Search in Rotated Sorted Array

31. next permutation

算法思想

对当前排列从后向前扫描，找到一对为升序的相邻元素，记为i和j（i < j）。如果不存在这样一对为升序的相邻元素，则所有排列均已找到，算法结束；否则，重新对当前排列从后向前扫描，找到第一个大于i的元素k，交换i和k，然后对从j开始到结束的子序列反转，则此时得到的新排列就为下一个字典序排列。
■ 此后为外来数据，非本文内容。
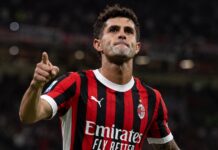 Pulisic chiama Roma: vuole la Champions. Greenwood la priorità di Gasp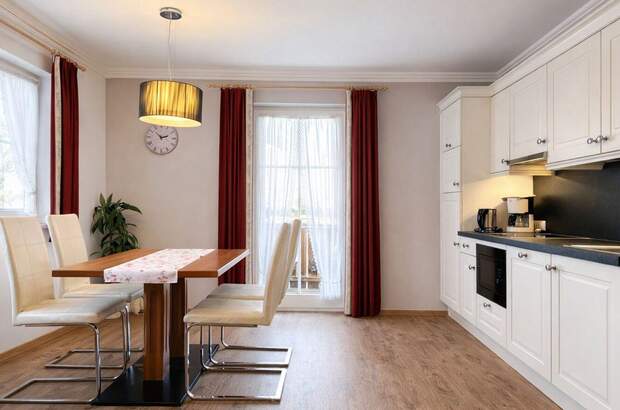 Wohnung mit Balkon kaufen in 6283 Hippach (Bild 1)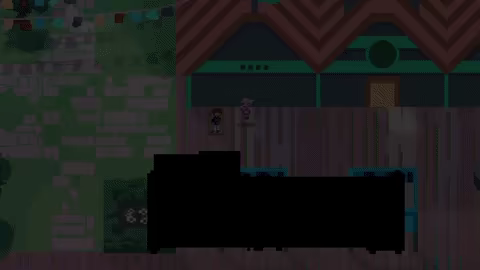 Midautumn video 8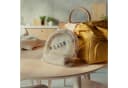 IKEA MARULK Picknick-Set 21-teilig Beige Campinggeschirr Bild 5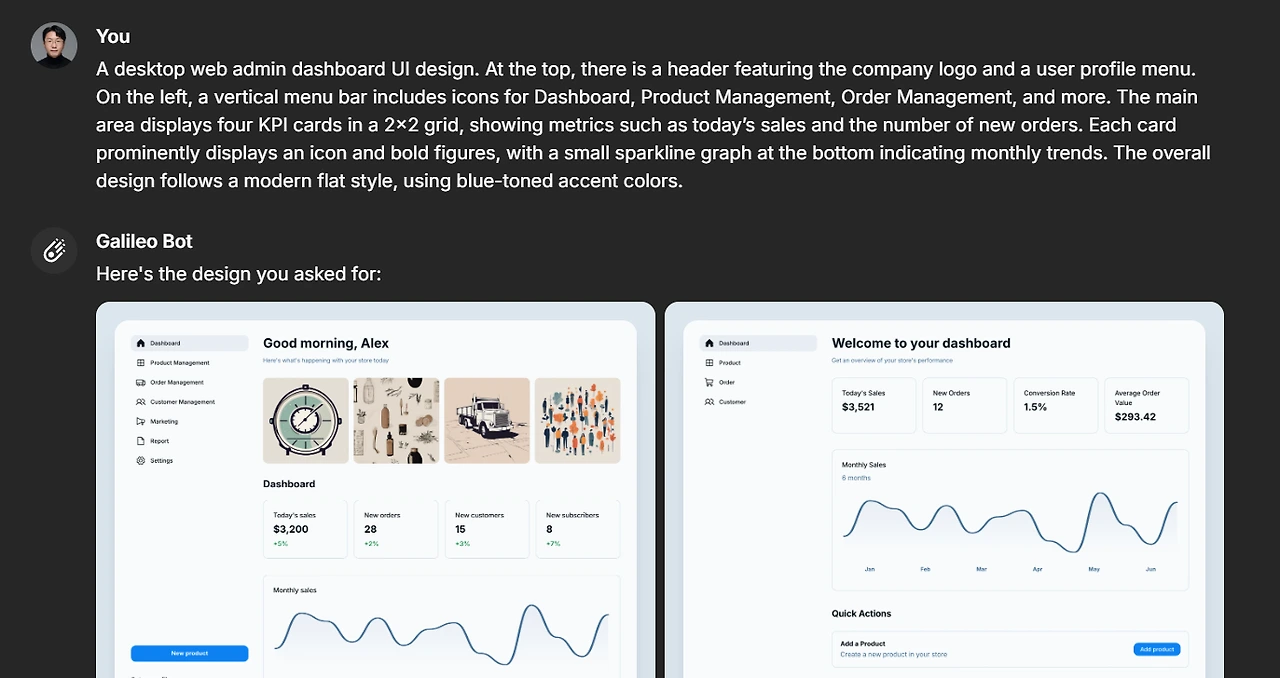 AD_4nXfPwRZ6Z5NK7n2AEUA6oFoPU9D_u6FQSNePwDQrtheBwTHTOkysek6l7nf84nxN_mJxkLBlFJqpuSquqoYrn_nArY-Q9YiLDXlpU1eJe6GbXZXIswnLPmM-VaZByr0-jA-70gEeSA?key=b4ZiG0Z-qSx5bRoDREsKJ1MC
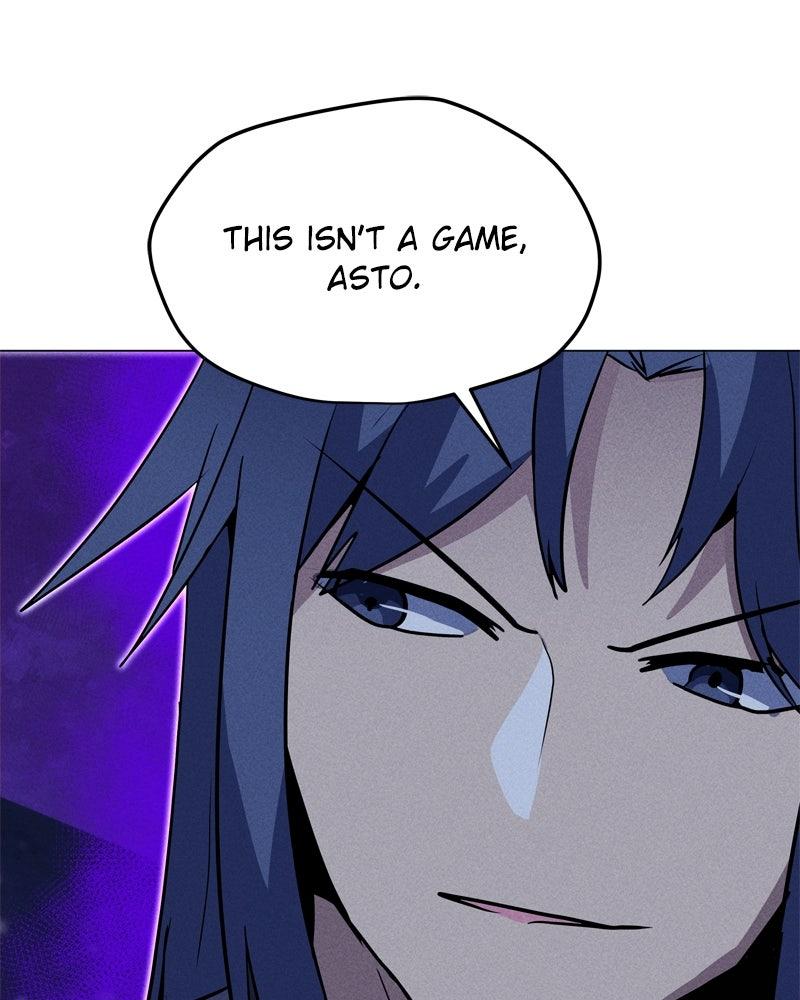 Solo Spell Caster Chap 198 - Next Chap 199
这种方式实现得到的所有排列是按字典序有序的，这也是C++ STL算法next_permutation的思想。

实现

class Solution {
public:
void nextPermutation(vector<int>& nums) {
int nums_len = nums.size() - 1;

int ind, stop_point = -1;
for(ind = nums_len; ind > 0; ind--) {
if(nums[ind-1] < nums[ind]) {
stop_point = ind;
break;
}
}

if(ind >= 1) {
int bigger_num = nums_len;
while(nums[bigger_num] <= nums[ind-1]) {
bigger_num--;
}
int tmp = nums[bigger_num];
nums[bigger_num] = nums[ind-1];
nums[ind-1] = tmp;
reverse(nums.begin() + ind, nums.end());
}
else {
reverse(nums.begin(),  nums.end());
}

}
};

33. Search in Rotated Sorted Array

首先是O(n)的做法，这个当然是比较差的。

class Solution {
public:
int search(vector<int>& nums, int target) {
int nums_len = nums.size() - 1;

for(int i = 0; i <= nums_len; i++) {
if(nums[i] == target)
return i;
}

return -1;
}
};

然后是O(logN)：这个的速度还不如上面那个，估计是用了假的测试集（测试集比较短）

class Solution {
public:
int search(vector<int>& nums, int target) {
int n = nums.size();

int lo=0, hi=n-1;
// find the index of the smallest value using binary search.
// Loop will terminate since mid < hi, and lo or hi will shrink by at least 1.
// Proof by contradiction that mid < hi: if mid==hi, then lo==hi and loop would have been terminated.
while(lo < hi){
int mid=(lo+hi)/2;
if(nums[mid] > nums[hi])  lo=mid+1;
else hi=mid;
}

// lo==hi is the index of the smallest value and also the number of places rotated.
int rot=lo;
lo=0;hi=n-1;

// The usual binary search and accounting for rotation.
while(lo<=hi){
int mid=(lo+hi)/2;
int realmid=(mid+rot)%n;
if(nums[realmid]==target) return realmid;
if(nums[realmid]<target) lo=mid+1;
else hi=mid-1;
}
return -1;
}
};